For long, the US has been negotiating a Logistics Support Agreement and Communications Inter-operability Security Memorandum of Agreement with the UPA Government. These agreements would obligate India to provide military support to the US and therefore have met with fierce opposition in India. Already India has signed the End-use Verification Agreement that gives the US access to India's military faculties in the name of monitoring the "end-use" of military technology purchased from the US.

The UPA Government has been triumphant about lifting of restrictions by the US on India's access to dual use technology, but we are yet to know what strings are attached to this decision.
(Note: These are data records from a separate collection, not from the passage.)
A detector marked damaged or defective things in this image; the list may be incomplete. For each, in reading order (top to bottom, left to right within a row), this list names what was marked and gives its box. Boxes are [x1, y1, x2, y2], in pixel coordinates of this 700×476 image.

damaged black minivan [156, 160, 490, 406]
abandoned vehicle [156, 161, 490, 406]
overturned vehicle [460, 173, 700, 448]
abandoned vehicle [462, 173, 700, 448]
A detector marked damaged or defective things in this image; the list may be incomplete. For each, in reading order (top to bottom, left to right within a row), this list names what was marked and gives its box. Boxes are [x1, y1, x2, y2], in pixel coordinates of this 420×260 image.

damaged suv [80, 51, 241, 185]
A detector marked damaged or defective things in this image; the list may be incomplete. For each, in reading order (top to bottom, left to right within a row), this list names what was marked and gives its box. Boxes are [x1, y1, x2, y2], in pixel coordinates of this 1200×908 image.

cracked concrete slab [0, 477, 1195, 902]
The Nuke Deal was achieved at the cost of India's about-turn on long-time friend Iran.

In his address to Indian Parliament, Obama reiterated his justification for US aggression in the Af-Pak region by declaring that 'safe havens for terror' in Afghanistan and Pakistan would not be tolerated, while remaining silent on the killings of innocent civilians in US drone attacks in that region. Obama overtly chose to comment on India's foreign policy vis a vis Iran and Myanmar. While Indian citizens too would demand that their government break its silence on the Myanmarese military dictatorship and human rights abuses in that country, it smacks of double standards for a US President (who is yet to acknowledge war crimes and occupation in Palestine, Iraq and Afghanistan) to do so. India has already buckled under US pressure by voting against Iran twice at the IAEA – and Obama's speech clearly indicates that the US will continue to mould India's foreign policy to suit US interests.
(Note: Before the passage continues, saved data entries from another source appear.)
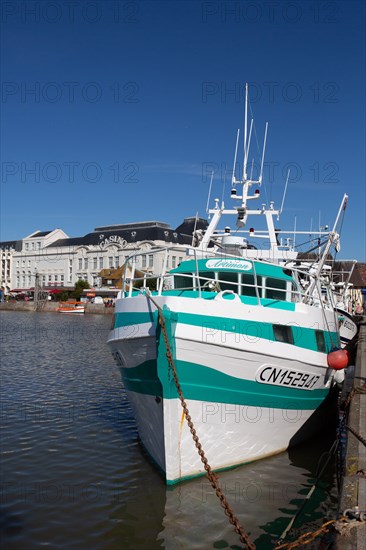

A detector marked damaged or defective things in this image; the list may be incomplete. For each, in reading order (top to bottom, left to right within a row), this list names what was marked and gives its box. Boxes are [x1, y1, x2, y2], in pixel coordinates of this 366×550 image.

rusty chain [146, 298, 254, 550]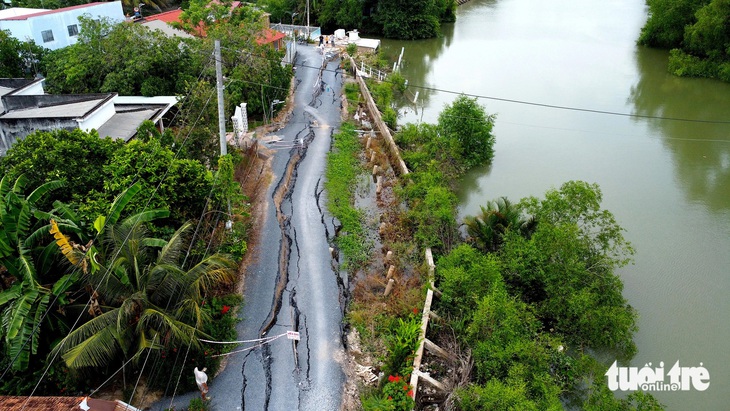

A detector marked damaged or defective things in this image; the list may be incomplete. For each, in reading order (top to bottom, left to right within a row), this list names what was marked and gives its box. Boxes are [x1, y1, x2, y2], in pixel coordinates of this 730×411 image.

cracked asphalt road [151, 44, 344, 411]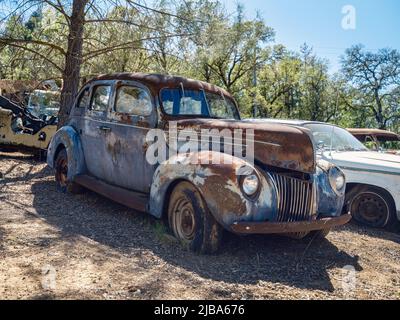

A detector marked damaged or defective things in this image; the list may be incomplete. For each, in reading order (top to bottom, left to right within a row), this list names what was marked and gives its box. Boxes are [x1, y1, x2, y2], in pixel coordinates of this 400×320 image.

abandoned vehicle [0, 94, 57, 154]
rusty vintage car [0, 94, 57, 156]
rusty vintage car [46, 72, 350, 252]
abandoned vehicle [47, 72, 350, 252]
dented car hood [173, 117, 318, 172]
abandoned vehicle [253, 119, 400, 229]
rusty vintage car [346, 127, 400, 155]
rusted wheel rim [172, 196, 197, 241]
rusted wheel rim [352, 192, 390, 228]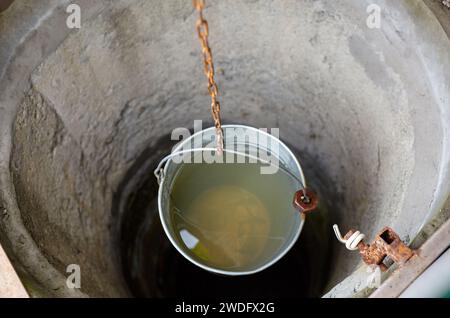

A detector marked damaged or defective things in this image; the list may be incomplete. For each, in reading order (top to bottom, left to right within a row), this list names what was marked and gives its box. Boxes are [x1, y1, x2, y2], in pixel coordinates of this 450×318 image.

rusty chain [192, 0, 223, 154]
US President Barack Obama's address to Indian Parliament, which served as a prelude to the Parliament's winter session, has been welcomed not only by the ruling Congress but also by the main Opposition the BJP, indicating the unity of the Indian ruling class in its subservience to US imperialism. The Manmohan Singh government betrayed Indian people by failing to confront the US on Bhopal or on David Headley. It has refused to ask the US to break silence on prosecution of those guilty for war crimes in Gaza, Iraq and Afghanistan. It is all too ready to create jobs in the US and expand US corporations' markets by opening up India’s economy and sacrificing Indian jobs, Indian farmers’ lives, India’s agricultural self-reliance and Indians’ health and safety. And it is ready and willing to be US’ junior partner in its bid for imperialist world hegemony – ‘sharing’ the US’ war-time military burdens and boosting America’s military-industrial complex by buying up US military hardware and nuclear reactors.

The countrywide protests that greeted Obama on his India visit are a clear message to the Manmohan Singh Government that Indians reject and resist the Indian ruling classes' bid to make India a junior partner of US imperialism.